EXERCISE DETAILS: This exercise calls for the data below to be retyped exactly, minus any images.
____ DATA
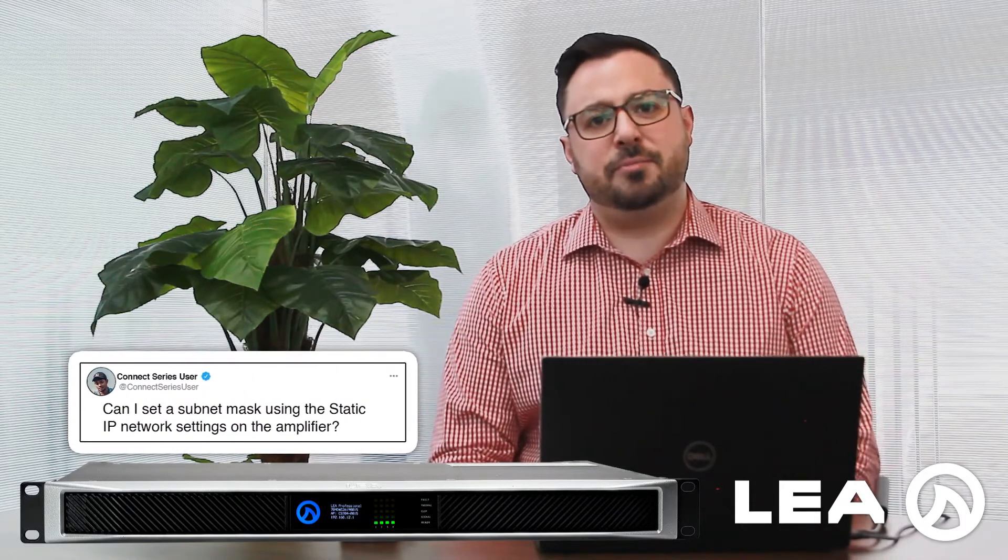So one of the things we get asked here a lot at LEA Professional is can I set a subnet mask on the static IP network settings on the amplifier? And the answer to that is yes you can.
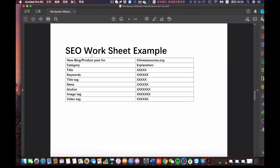This is a SEO worksheet example. When we ask somebody to help us update the SEO, we give you the blog or product post information including categories, title, keywords, title tag, meta, anchor, image tag, and video tag. That's the part for somebody to fill in the blanks and maintain and keep the pages in perfect condition.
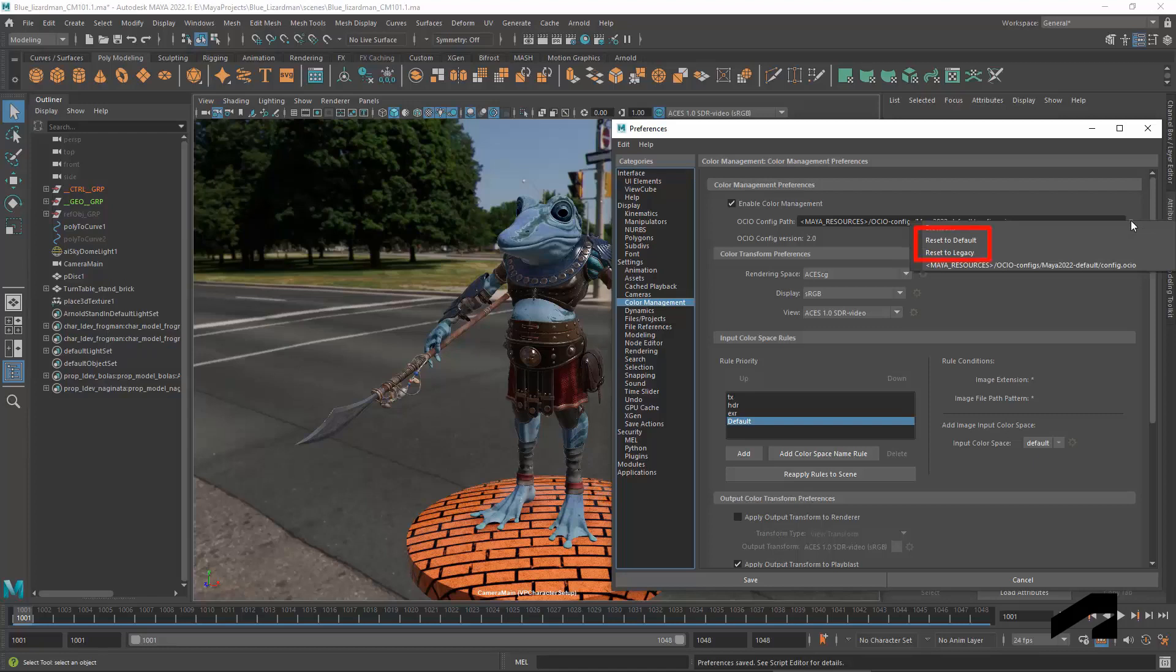The Maya installation contains two configs. The default config for new scenes is based on ACES, the Academy Color Encoding System. The legacy config is used for compatibility in scenes from Maya 2020 and earlier. You can also select the legacy config if you prefer not to use the ACES defaults for a new scene.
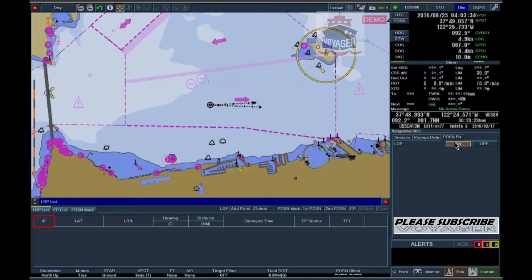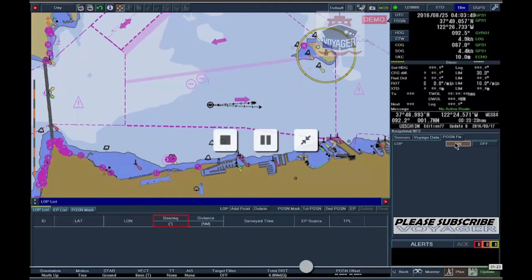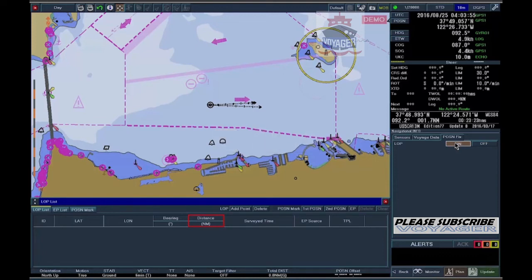Id. Latitude — latitude of the LOP position. Longitude — longitude of the LOP position. Bearing — bearing to the reference object. Distance — distance to the reference object.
________
SOLUTION TO THIS EXERCISE:
So one of the things we get asked here a lot at LEA Professional is can I set a subnet mask on the static IP network settings on the amplifier? And the answer to that is yes you can.
This is a SEO worksheet example. When we ask somebody to help us update the SEO, we give you the blog or product post information including categories, title, keywords, title tag, meta, anchor, image tag, and video tag. That's the part for somebody to fill in the blanks and maintain and keep the pages in perfect condition.
The Maya installation contains two configs. The default config for new scenes is based on ACES, the Academy Color Encoding System. The legacy config is used for compatibility in scenes from Maya 2020 and earlier. You can also select the legacy config if you prefer not to use the ACES defaults for a new scene.
Id. Latitude — latitude of the LOP position. Longitude — longitude of the LOP position. Bearing — bearing to the reference object. Distance — distance to the reference object.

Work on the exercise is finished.